20/07/2017

Os dias frios


Os últimos dias têm sido implacáveis em termos de temperatura.  Os termômetros despencaram. De um improvável veranico de julho fomos jogados num inverno rigoroso, daqueles com direito a chuva, vento e neve no noticiário da tevê.  De camisetas e bermudas a blusões pesados, casacos e toda a parafernália que se encontrava guardada nos roupeiros de quem tem.
Na fruteira, um vento gelado entrava quase sem respeito pela porta da frente entreaberta. Os viventes encasacados, que aguardavam a hora de pesar suas cenouras, beterrabas, chuchus, aipins e batatas doces, encolhiam-se a cada lufada mais forte.  Alguém disse que saiu desprevenido.  Dentro de casa é quentinho. Saiu pela garagem. Dentro do carro também não sentiu muito bem a temperatura ambiente.  Achou que não era tão frio. Quando o nariz encarou o ar gelado, o arrependimento tomou conta do indivíduo. Havia colocado pouca roupa para o tamanho do frio que se apresentava.
Um gaiato, de touca, cachecol, luvas e casaco por cima de uma série interminável de básicas e blusas, brincava que estava aguardando o frio finalmente chegar. Outro lembrava que o frio não fazia bem. Gostava mesmo de uma camiseta destas sem marca nem muita frescura, uma bermuda e chinelos havaianas. Um boné para cobrir o que restava ainda de cabelos e pouca coisa mais.
Nestes papos de dias frios sempre aparece alguém que adora uma friaca. Vira e mexe e o principal argumento é a beleza das vestimentas que o frio permite. Ou as variações gastronômicas possíveis. As sopas, os capeletis e as variadas massas acompanhadas de vinhos e outros que tais. Não há porque negar que os dias mais frios apresentam certo apelo pela comilança mais forte e mesmo por favorecer aqueles que têm condições de desfilar com casacões, botas e variados apetrechos que, se bem usados e combinados, podem mesmo revestir até os mais feios com algum ar de elegância.
Nos tempos de piá, nada disso era levado em conta. A gurizada não queria elegância. O amontoado de roupas era um adversário quase invencível. Nas peladas do campinho, qualquer canelada tirava o guerreiro do combate. O vento entrava pelos abrigos finos e gelavam os ossos.  Mas, ninguém desistia por causa de um friozinho desses. As mãos avermelhavam-se de frio. Os dedos pareciam que iriam cair. Esfregavam-se as mãos e corria-se muito. Não tinha como jogar parado.
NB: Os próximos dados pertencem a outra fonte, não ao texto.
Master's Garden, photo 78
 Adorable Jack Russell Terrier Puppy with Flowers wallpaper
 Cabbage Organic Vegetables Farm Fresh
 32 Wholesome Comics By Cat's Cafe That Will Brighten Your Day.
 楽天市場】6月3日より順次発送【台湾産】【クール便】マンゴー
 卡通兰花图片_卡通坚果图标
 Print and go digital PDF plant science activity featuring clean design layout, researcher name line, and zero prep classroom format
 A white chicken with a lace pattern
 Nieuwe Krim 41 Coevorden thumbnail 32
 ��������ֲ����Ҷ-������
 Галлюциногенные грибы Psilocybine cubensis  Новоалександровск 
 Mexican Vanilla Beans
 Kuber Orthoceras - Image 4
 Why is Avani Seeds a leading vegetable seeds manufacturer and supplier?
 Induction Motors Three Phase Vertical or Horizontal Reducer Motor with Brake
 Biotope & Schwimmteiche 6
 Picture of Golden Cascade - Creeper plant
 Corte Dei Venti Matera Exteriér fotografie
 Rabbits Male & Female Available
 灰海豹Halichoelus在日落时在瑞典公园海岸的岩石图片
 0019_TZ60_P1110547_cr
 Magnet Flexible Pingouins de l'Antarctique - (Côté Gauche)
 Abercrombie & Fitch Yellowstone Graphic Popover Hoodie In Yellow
Jogador elegante, desses técnicos que davam toquinho para fazer jogo correr sem muito suar, morreria de frio.  Aliás, não passava frio porque não saia de casa. A mãe não deixava.
Nem sei ao certo como sobrevivíamos ao frio intenso naquelas diminutas tardes de futebol. Era um fenômeno. Muita fome de bola. Ganhávamos do frio na corrida. Insistência pura. Não havia tempo para covardia. Depois de uma ou duas partidas, vez por outra um fio de suor corria por baixo daquele monte de roupas. Era o frio sendo vencido naquelas geladas tardes de inverno. O resultado do jogo importava muito pouco. O importante erra correr do frio, espantá-lo dali. A bola corria sempre. Ela não podia parar. Corriam os meninos atrás dela. Era a vida daqueles moleques naqueles tempos. Tempos frios, mas vencíveis.